#### SUPPLIED ENTRIES
- - -

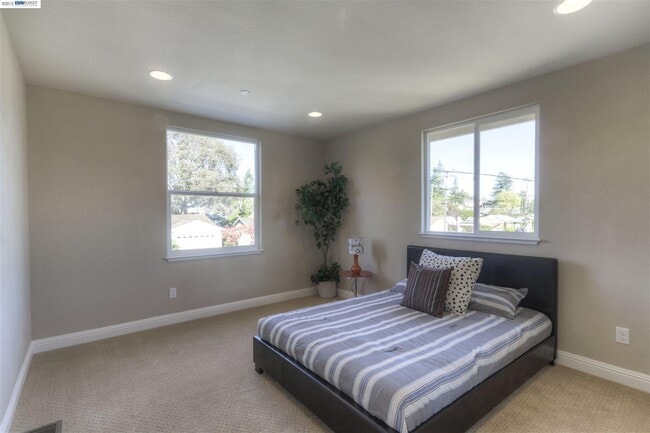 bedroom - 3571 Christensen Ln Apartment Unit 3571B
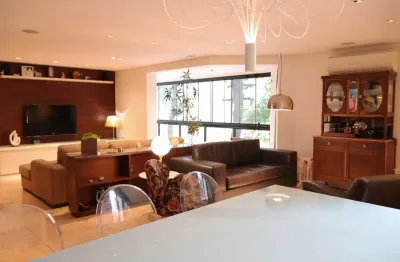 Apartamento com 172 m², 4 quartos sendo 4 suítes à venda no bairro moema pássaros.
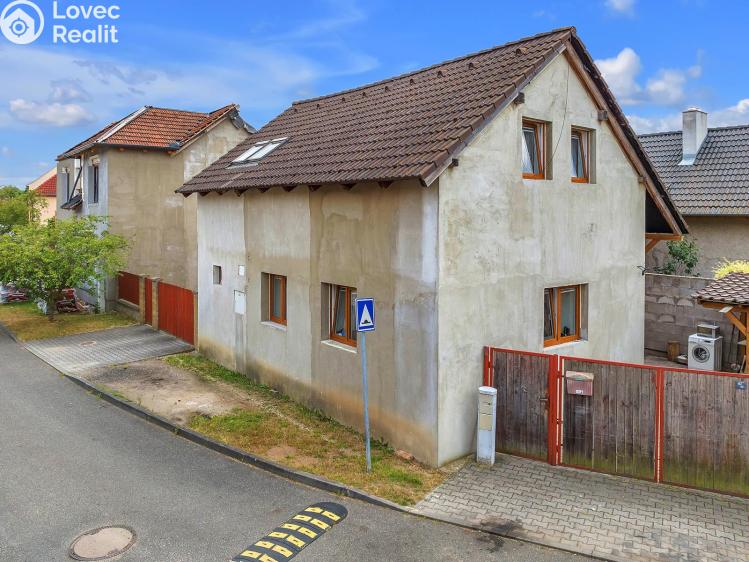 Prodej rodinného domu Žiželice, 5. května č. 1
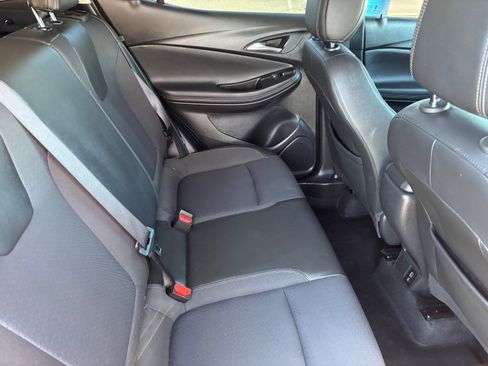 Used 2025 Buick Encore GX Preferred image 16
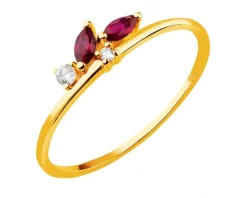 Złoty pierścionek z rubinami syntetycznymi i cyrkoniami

- - -

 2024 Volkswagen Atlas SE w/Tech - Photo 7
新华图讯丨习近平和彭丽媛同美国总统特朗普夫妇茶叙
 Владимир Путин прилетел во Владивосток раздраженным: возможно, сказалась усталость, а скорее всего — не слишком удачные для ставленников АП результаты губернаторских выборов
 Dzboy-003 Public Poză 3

- - -

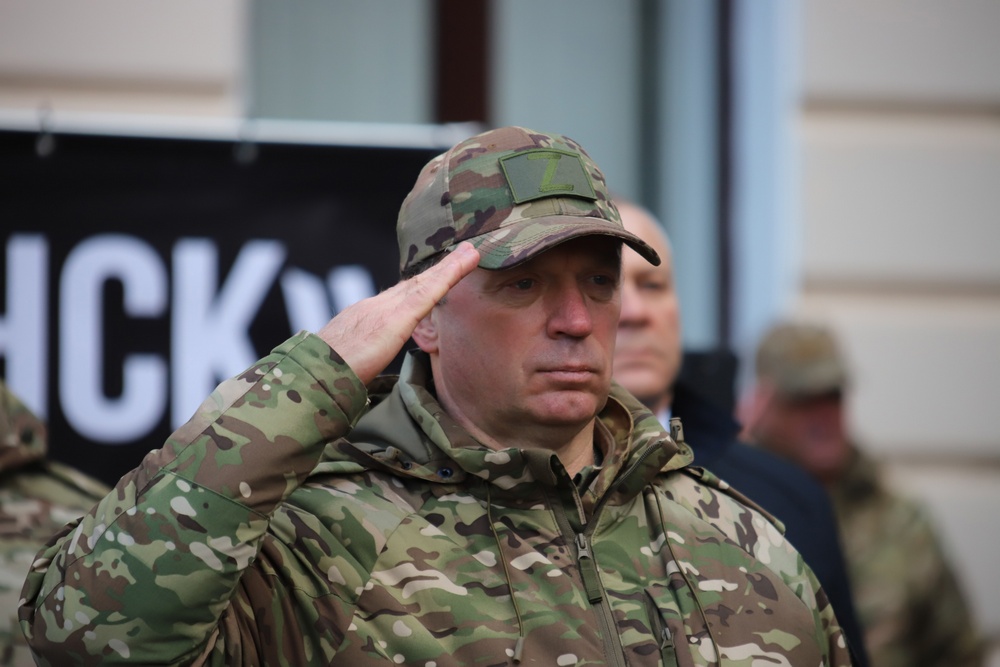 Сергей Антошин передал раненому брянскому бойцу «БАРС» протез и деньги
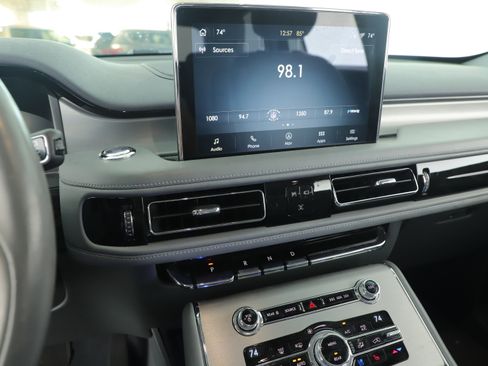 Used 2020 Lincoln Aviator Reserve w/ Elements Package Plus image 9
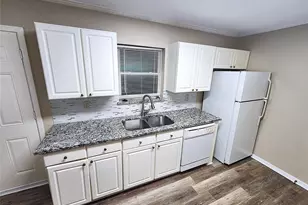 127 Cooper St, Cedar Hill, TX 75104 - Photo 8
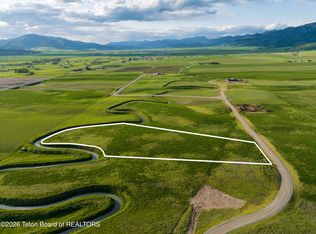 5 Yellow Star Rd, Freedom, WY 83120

- - -

In the listing above, locate the line containing "2024 Volkswagen Atlas SE w/Tech - Photo 7" and the line containing "Dzboy-003 Public Poză 3", then transcribe both and every line between them verbatim.

#### OUTPUT BELOW
 2024 Volkswagen Atlas SE w/Tech - Photo 7
新华图讯丨习近平和彭丽媛同美国总统特朗普夫妇茶叙
 Владимир Путин прилетел во Владивосток раздраженным: возможно, сказалась усталость, а скорее всего — не слишком удачные для ставленников АП результаты губернаторских выборов
 Dzboy-003 Public Poză 3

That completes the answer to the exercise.